→ YOUR GOAL
Everything below from the line with "九年级物理第一次月考卷（全解全析）（苏科版）第3页" through the line with "碧瑤今年初陸續在各區設置智能回收箱，冀逐步取代部分路邊資源回收桶。" should be copied exactly, and nothing else; leave out the pictures.

→ MATERIAL SUPPLIED
-- Opening Marker --

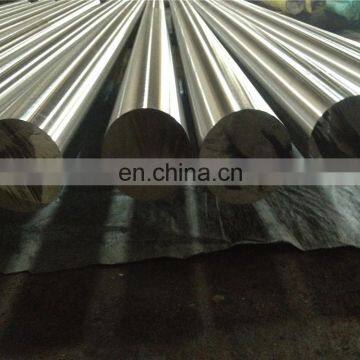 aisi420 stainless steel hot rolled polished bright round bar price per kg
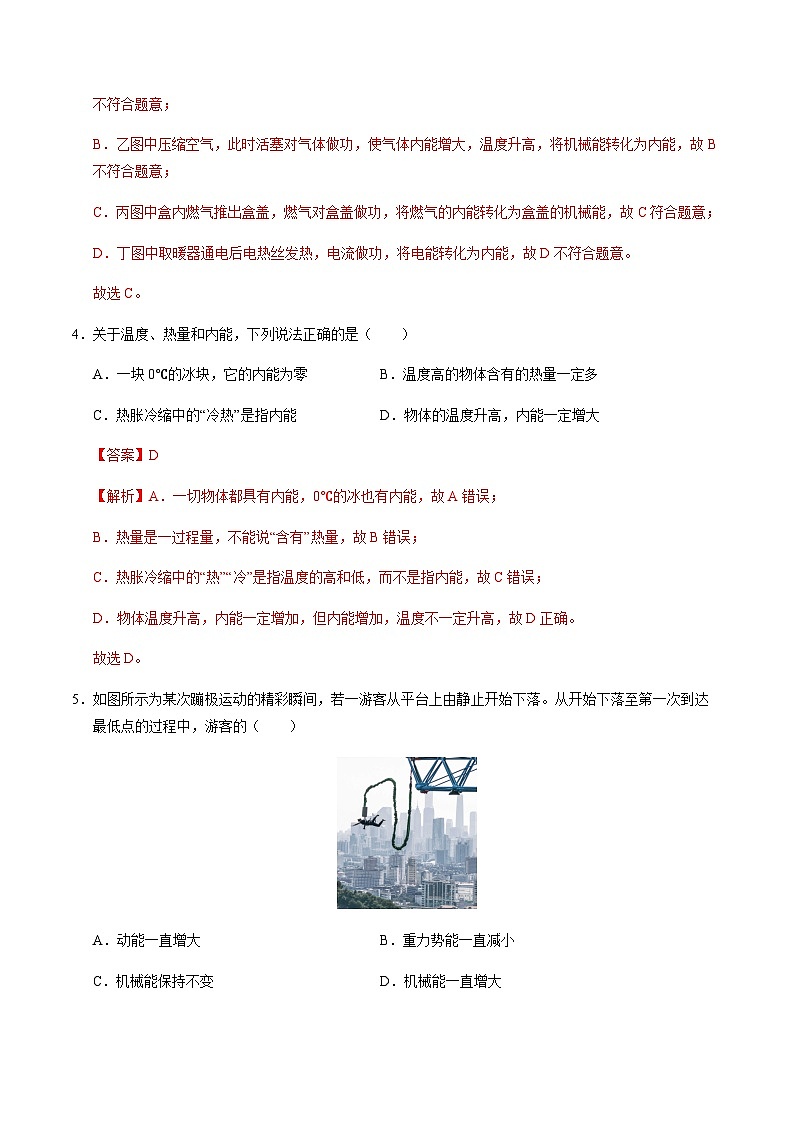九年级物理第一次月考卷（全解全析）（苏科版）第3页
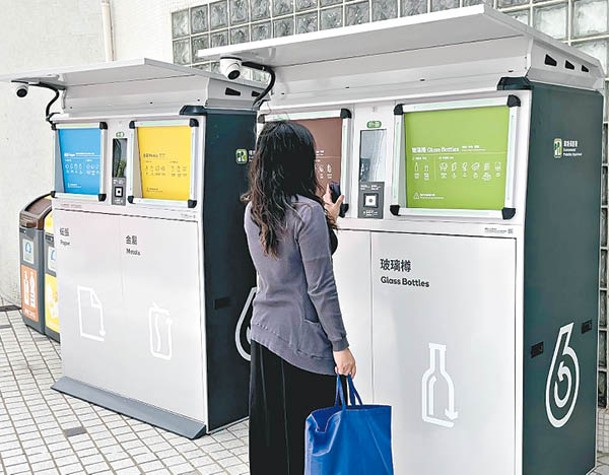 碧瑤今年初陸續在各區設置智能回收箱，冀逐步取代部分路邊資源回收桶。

-- Closing Marker --
-- Opening Marker --

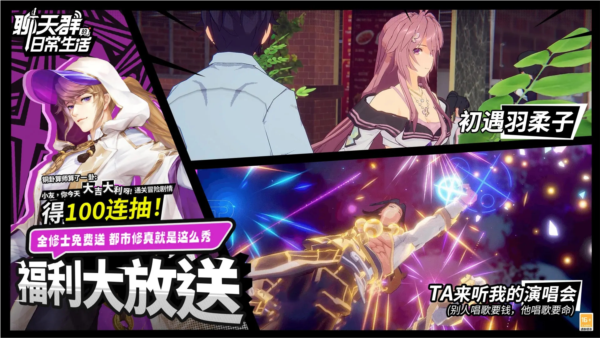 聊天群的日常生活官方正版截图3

-- Closing Marker --

→ WRITTEN REPLY
九年级物理第一次月考卷（全解全析）（苏科版）第3页
 碧瑤今年初陸續在各區設置智能回收箱，冀逐步取代部分路邊資源回收桶。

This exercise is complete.